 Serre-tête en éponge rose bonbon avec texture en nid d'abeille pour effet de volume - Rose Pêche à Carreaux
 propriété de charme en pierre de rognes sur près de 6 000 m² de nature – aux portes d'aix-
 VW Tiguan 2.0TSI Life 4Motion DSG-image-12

Assigned task: Copy the material above, keeping every line exactly as it stands.

Worked solution:
 Serre-tête en éponge rose bonbon avec texture en nid d'abeille pour effet de volume - Rose Pêche à Carreaux
 propriété de charme en pierre de rognes sur près de 6 000 m² de nature – aux portes d'aix-
 VW Tiguan 2.0TSI Life 4Motion DSG-image-12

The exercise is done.